A esmagadora maioria dos trabalhadores da moda não recebe um salário digno, ou seja, uma remuneração que cubra as suas despesas essenciais. 

Para além de ter vantagens sociais, a implementação de salários dignos na moda contribui para a sustentabilidade ambiental do setor.

Um dos motivos debruça-se sobre o facto de que o pagamento de salários é “neutro em carbono”, ao contrário de outras medidas de inovação para a sustentabilidade.

As suas vantagens explicam-se também a partir do reverse rebound effect, já que o dinheiro gasto em salários não será gasto noutras ações que têm um impacto negativo para o ambiente.

Quanto mais elevados forem os salários, mais elevados serão também os preços dos produtos, o que provocará uma diminuição do consumo.

 A implementação de salários dignos permite aos próprios trabalhadores manter um estilo de vida mais sustentável.

 

 

 

Quando o documentário The True Cost foi apresentado em 2015, houve uma estatística que, embora extremamente relevante, foi por muitos esquecida, traduzida no facto de apenas 2% dos trabalhadores da indústria têxtil e de vestuário receberem um salário digno. Atualmente, os números podem ser ligeiramente diferentes; no entanto, a mensagem não mudou. A esmagadora maioria dos trabalhadores de moda continua a não receber um salário digno, e isso está a trazer consequências negativas para a sustentabilidade ambiental.   

Mas antes de avançarmos para essa teoria, é importante esclarecer o conceito que pode causar mais confusão. Afinal, a que nos referimos quando falamos de um salário digno (conhecido em inglês como living wage)? De acordo com a Global Living Wage Coalition, um salário digno corresponde à “remuneração recebida numa semana regular e num local específico, que é suficiente para cobrir um estilo de vida digno para o trabalhador e para a sua família. Os elementos de um estilo de vida digno incluem o acesso à alimentação, água, habitação, educação, saúde, transportes, roupa e outras necessidades essenciais, incluindo provisões para eventos inesperados”.

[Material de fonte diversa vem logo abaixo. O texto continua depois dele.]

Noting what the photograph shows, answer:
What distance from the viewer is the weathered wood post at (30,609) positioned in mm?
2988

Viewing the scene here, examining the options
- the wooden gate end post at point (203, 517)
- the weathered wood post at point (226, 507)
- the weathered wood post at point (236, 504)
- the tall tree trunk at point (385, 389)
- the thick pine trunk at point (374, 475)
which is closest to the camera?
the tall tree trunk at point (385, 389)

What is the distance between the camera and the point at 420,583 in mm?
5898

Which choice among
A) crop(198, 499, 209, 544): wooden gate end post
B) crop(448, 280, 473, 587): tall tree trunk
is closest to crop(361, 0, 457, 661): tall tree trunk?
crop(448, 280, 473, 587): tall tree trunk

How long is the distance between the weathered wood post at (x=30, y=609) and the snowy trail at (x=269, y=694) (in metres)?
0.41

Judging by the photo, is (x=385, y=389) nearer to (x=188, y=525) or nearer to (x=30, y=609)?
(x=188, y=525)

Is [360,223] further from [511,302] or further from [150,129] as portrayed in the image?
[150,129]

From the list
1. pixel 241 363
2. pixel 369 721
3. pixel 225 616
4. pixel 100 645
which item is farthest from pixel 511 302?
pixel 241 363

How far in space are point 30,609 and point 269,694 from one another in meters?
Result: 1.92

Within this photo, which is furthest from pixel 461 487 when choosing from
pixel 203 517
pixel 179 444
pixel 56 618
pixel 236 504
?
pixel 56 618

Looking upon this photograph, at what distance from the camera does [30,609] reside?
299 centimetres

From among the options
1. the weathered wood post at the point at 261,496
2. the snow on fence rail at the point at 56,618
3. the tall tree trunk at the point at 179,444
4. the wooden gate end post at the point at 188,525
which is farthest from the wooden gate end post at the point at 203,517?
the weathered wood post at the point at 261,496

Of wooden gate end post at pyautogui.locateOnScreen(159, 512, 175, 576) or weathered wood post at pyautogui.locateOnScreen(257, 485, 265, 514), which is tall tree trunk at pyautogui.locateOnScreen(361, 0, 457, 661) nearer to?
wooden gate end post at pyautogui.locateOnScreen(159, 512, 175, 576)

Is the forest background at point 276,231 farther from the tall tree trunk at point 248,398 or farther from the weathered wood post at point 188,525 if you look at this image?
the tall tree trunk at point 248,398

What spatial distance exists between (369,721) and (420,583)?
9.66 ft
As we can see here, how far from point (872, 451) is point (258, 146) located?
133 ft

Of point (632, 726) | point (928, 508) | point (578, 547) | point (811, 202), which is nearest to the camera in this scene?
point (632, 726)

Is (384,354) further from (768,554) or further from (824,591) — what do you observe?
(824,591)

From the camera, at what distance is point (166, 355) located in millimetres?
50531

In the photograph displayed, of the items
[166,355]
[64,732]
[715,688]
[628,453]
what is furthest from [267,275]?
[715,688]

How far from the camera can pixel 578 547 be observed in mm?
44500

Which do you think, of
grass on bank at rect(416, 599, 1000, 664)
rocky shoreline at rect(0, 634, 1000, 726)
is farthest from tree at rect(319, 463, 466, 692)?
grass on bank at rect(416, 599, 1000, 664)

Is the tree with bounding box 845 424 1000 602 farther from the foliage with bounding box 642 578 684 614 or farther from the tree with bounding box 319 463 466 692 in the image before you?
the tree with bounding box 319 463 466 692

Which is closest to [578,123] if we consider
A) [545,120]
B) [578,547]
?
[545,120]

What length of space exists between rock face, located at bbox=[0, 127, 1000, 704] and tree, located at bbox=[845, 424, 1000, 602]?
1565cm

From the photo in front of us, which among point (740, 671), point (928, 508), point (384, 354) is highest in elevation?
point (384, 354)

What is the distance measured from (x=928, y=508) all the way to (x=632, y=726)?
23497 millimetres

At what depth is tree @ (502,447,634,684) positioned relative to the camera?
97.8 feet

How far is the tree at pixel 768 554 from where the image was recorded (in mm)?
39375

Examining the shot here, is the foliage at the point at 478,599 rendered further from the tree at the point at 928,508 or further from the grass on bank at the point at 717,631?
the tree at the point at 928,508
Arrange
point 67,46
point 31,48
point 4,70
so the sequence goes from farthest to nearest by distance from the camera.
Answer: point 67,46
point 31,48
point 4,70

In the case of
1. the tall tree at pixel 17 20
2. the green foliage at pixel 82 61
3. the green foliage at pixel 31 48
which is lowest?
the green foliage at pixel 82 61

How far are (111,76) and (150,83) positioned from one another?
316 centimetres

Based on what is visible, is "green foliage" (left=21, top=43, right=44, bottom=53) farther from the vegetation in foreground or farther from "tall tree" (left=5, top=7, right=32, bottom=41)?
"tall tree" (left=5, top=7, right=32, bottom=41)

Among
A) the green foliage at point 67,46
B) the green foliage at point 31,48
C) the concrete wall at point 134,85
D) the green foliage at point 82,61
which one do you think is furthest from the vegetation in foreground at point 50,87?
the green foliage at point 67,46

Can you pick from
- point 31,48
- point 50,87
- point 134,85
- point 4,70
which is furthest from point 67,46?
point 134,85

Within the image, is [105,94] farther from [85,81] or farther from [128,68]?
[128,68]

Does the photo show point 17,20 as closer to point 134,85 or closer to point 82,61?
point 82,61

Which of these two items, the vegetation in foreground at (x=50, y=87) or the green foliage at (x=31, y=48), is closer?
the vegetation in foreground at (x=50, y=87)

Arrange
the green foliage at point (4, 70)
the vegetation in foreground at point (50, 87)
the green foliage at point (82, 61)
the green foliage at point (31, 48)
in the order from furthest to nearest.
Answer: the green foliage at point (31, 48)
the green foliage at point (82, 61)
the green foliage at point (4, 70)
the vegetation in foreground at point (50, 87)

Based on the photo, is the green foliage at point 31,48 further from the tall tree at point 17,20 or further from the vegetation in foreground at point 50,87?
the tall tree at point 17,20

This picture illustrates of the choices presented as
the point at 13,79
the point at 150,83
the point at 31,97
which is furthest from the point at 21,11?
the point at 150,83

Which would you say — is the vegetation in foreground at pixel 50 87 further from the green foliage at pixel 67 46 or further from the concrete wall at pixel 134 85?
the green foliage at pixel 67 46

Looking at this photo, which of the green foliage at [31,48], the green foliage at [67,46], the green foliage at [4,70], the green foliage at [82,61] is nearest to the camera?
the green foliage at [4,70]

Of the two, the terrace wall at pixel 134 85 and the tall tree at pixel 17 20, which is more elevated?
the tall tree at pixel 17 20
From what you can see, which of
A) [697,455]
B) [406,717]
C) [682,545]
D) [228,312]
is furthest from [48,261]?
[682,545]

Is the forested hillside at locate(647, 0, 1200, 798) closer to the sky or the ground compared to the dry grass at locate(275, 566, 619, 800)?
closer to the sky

Na maioria dos países, um salário mínimo não pode ser considerado um salário digno, por não corresponder ao valor necessário para cobrir essas despesas essenciais. Na verdade, estima-se que a média esteja longe disso. A organização The Industry We Want, financiada por ONGs de cariz social e pelo Ministério dos Negócios Estrangeiros dos Países Baixos, investigou a diferença entre o salário mínimo e o living wage de 28 dos países que mais produzem bens de moda, chegando à conclusão de que seria necessário, em média, aumentar o salário mínimo em 48,5% para alcançar uma remuneração capaz de suportar um estilo de vida digno.

Há várias vantagens do ponto de vista social que resultam da prevalência de salários dignos na indústria da moda: níveis de educação e saúde mais elevados, contribuição para a erradicação da fome e da pobreza, aumento da qualidade de vida generalizada da sociedade. Todavia, não é dessas vantagens que vamos falar hoje. Vamos, sim, apresentar a teoria de que o pagamento de salários dignos tem benefícios para o ambiente – muito mais do que a maioria dos programas de redução das emissões de carbono que vemos implementados por muitas marcas de moda.

Para Roland Geyer, o número é 65 milhões de toneladas. No seu livro The Business of Less: The Role of Companies and Households on a Planet in Peril, publicado em 2021, o professor estadunidense procura perceber o que sucederia se 35 milhões de trabalhadores de indústrias tradicionalmente low-cost (como a moda) vissem o seu salário aumentar 100 dólares por semana. Segundo os seus cálculos, tal permitiria não só garantir um salário digno aos trabalhadores de países como o Bangladesh e a Índia, como também eliminaria cerca de 65 milhões de toneladas de CO2 das emissões globais anuais. “Como?”, perguntará a maioria. Há dois grandes motivos que explicam esta relação entre salários e o ambiente.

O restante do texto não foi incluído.